Frauen* setzen der Ungleichheit, der Diskriminierung und den Machtgefällen einer patriarchalischen Gesellschaft auch in anderen Bereichen erfolgreich ihre Ideen vielfältiger Feminismen entgegen: Sie wollen für gleiche Arbeit genauso viel wie ihre Kollegen verdienen, sie pochen auf ihre sexuelle und reproduktive Selbstbestimmung, und gerade haben sich die Ir*innen das Recht auf Abtreibung erstritten. Das alles macht Mut.
Antifeminismus ist das Einfallstor der Rechtspopulist*innen
Gleichzeitig erleben wir ein massives Rollback.

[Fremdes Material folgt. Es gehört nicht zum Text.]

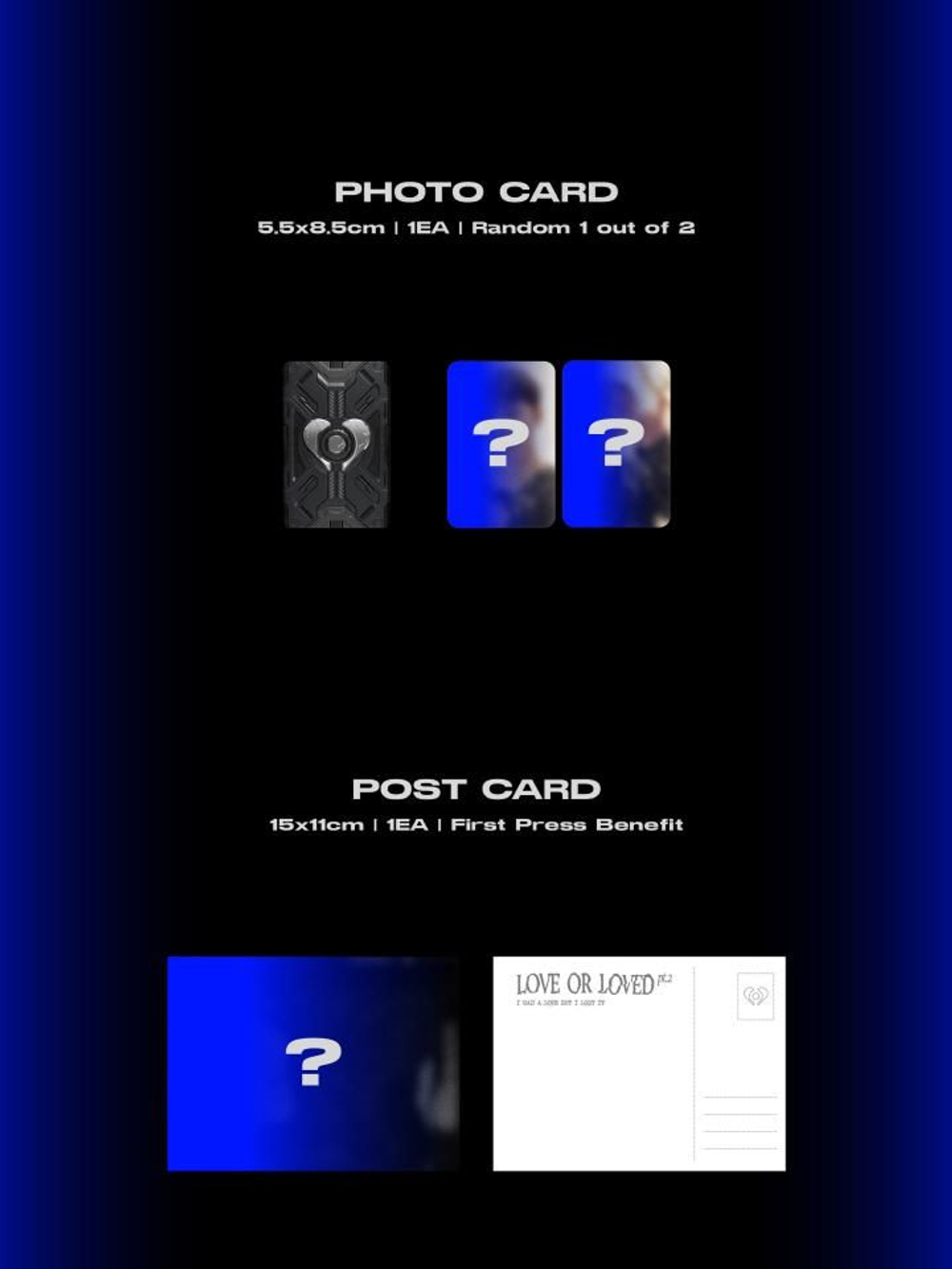 Альбом B.I - LOVE OR LOVED PART.2 PHOTOBOOK Version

Die neuen Rechten in Europa, in den USA, aber auch im Deutschen Bundestag haben es geschafft, einen regressiven Diskurs hoffähig zu machen, von dem sich auch andere politische und gesellschaftliche Kräfte anstecken lassen. In Deutschland müssen wir uns derzeit mit Ressentiments und offenen Rassismen auseinandersetzen – gegen Geflüchtete, gegen Migrant*innen, gegen Muslime, gegen Frauen*.
Das Einfallstor der Rechtspopulist*innen ist dabei unter anderem der Antifeminismus: Geschickt greifen sie und rechtsextreme Akteur*innen in ihrer Propaganda die Vorurteile und das Unbehagen auf gegen «zu viel» Geschlechtergerechtigkeit, die auch in konservativen Kreisen der gesellschaftlichen Mitte zu finden sind.
Zu viele Demokratien stehen derzeit an einem Scheideweg: Entweder sie nehmen ihren Auftrag wahr, die politische, soziale, ökonomische und kulturelle Teilhabe der gesamten Bevölkerung zu sichern – oder sie werden noch mehr Legitimationsverluste erleiden.
Demokratie braucht Feminismus
Herrschafts- und Machtverhältnisse sind veränderbar, das ist die Prämisse der Heinrich-Böll-Stiftung. Und wir kennen unser Ziel: In einer offenen und demokratischen Gesellschaft zu leben – das bedeutet für mich, für uns, sie so zu gestalten, dass alle Menschen, unabhängig von Geschlecht, sexueller Orientierung, Religion, Herkunft, Klasse, etc. in ihr frei und gleichberechtigt leben und sie mitgestalten können.
Mit dem vorliegenden Heft wollen wir Mut machen, den Weg weiterzugehen, den Frauen* vor Jahrhunderten eingeschlagen haben, so wie wir es in unserer Arbeit das ganze Jahr über tun. Wir wollen informieren und all die stärken, die für ihre Rechte streiten und kämpfen. Wir wollen von Menschen erzählen, die gegen Diskriminierung und Herrschaft überall in der Gesellschaft und der Welt kämpfen und Demokratien damit reicher machen. Denn Demokratie braucht Feminismus!